**Exercise:**
Retype the records in full, and please keep the pictures out of the copy.

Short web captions

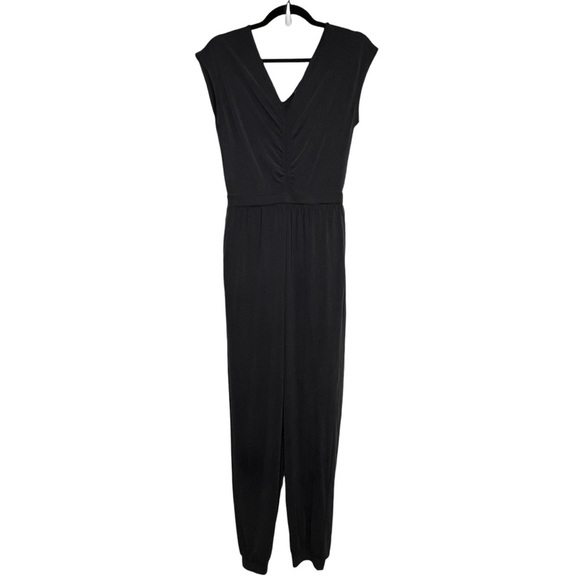 Express Womens Black Jumpsuit Jersey Knit Ruched V-neck Short Sleeve Size S - Picture 1 of 16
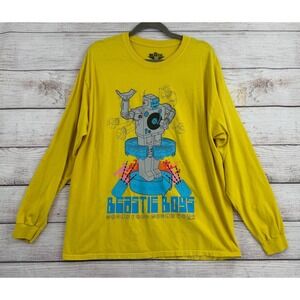 Beastie Boys Long Sleeve T-Shirt Mens M Yellow 2018 World Tour Robot Graphic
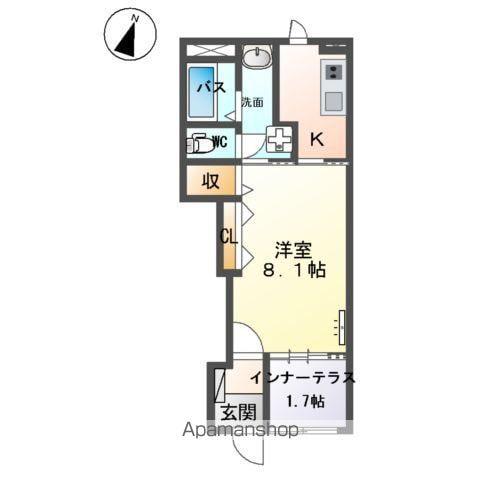 つくば市高見原 (1K/1階)の間取り写真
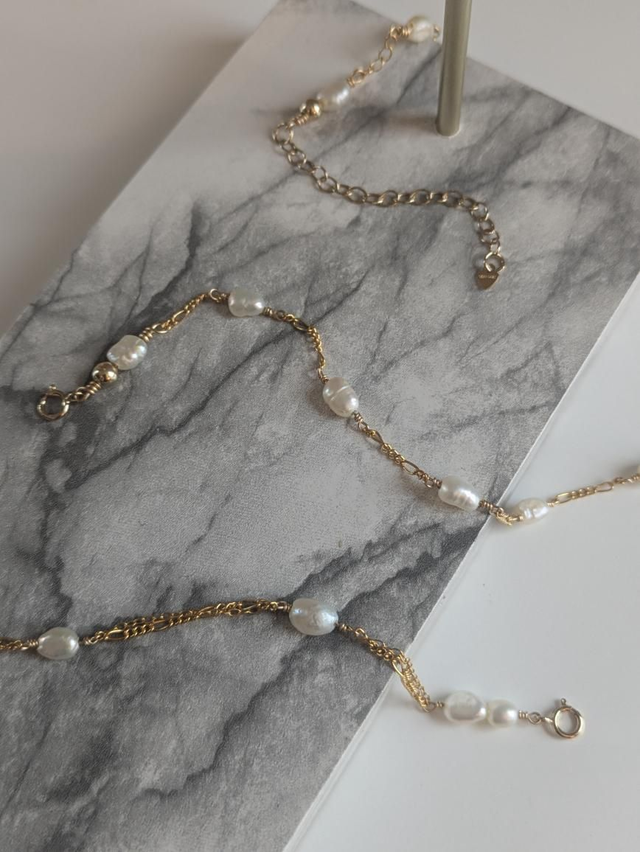 Delicate Gold filled Double Chain Pearl Bracelet (large)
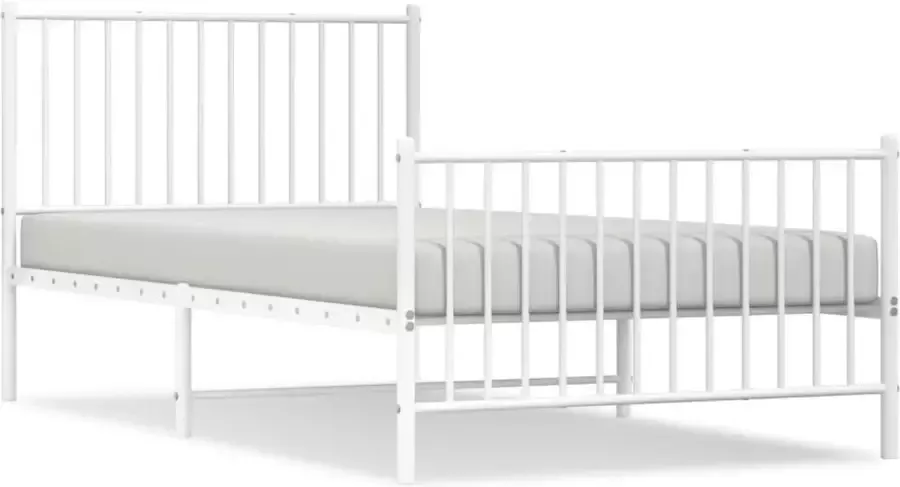 VidaXL -Bedframe-met-hoofd--en-voeteneinde-metaal-wit-100x200-cm - Foto 2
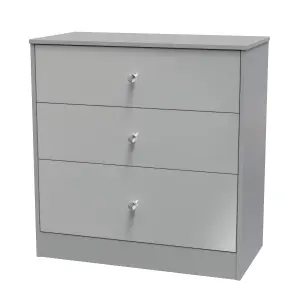 Taunton 3 Drawer Deep Chest in Uniform Grey Gloss & Dusk Grey (Ready Assembled)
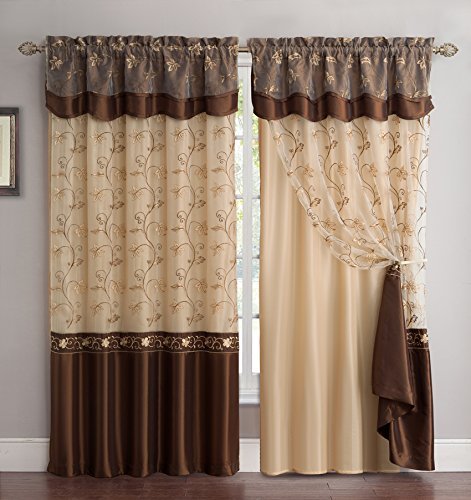 Product Cover Fancy Collection Embroidery Curtain Set 2 Panel Drapes with Backing & Valance Coffee/brown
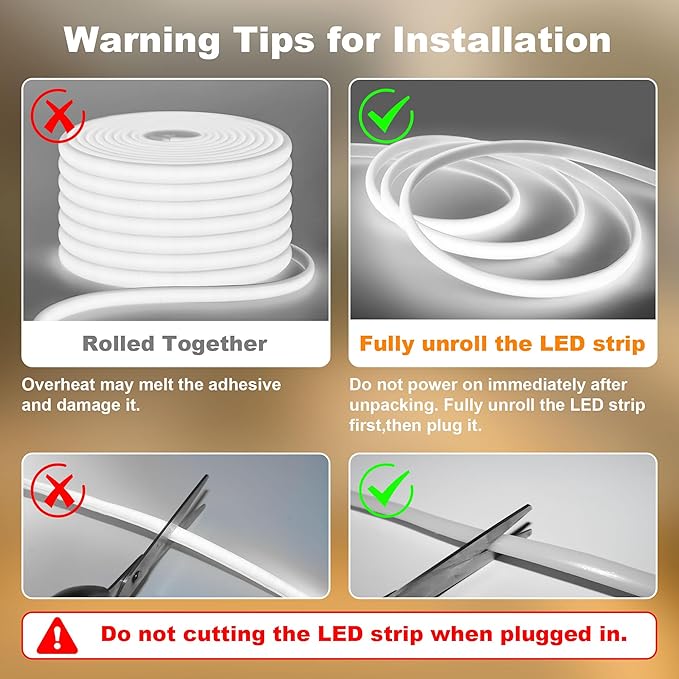 Gliztech IP67 Waterproof COB LED Strip Lights AC 110V-120V Direct Plug, 100FT Super Bright Outdoor Strip Lights with Double Fuse Controller, 6500K White LED Strips for Garden Patio Commercial Decor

**Output below:**
 Express Womens Black Jumpsuit Jersey Knit Ruched V-neck Short Sleeve Size S - Picture 1 of 16
 Beastie Boys Long Sleeve T-Shirt Mens M Yellow 2018 World Tour Robot Graphic
 つくば市高見原 (1K/1階)の間取り写真
 Delicate Gold filled Double Chain Pearl Bracelet (large)
 VidaXL -Bedframe-met-hoofd--en-voeteneinde-metaal-wit-100x200-cm - Foto 2
 Taunton 3 Drawer Deep Chest in Uniform Grey Gloss & Dusk Grey (Ready Assembled)
 Product Cover Fancy Collection Embroidery Curtain Set 2 Panel Drapes with Backing & Valance Coffee/brown
 Gliztech IP67 Waterproof COB LED Strip Lights AC 110V-120V Direct Plug, 100FT Super Bright Outdoor Strip Lights with Double Fuse Controller, 6500K White LED Strips for Garden Patio Commercial Decor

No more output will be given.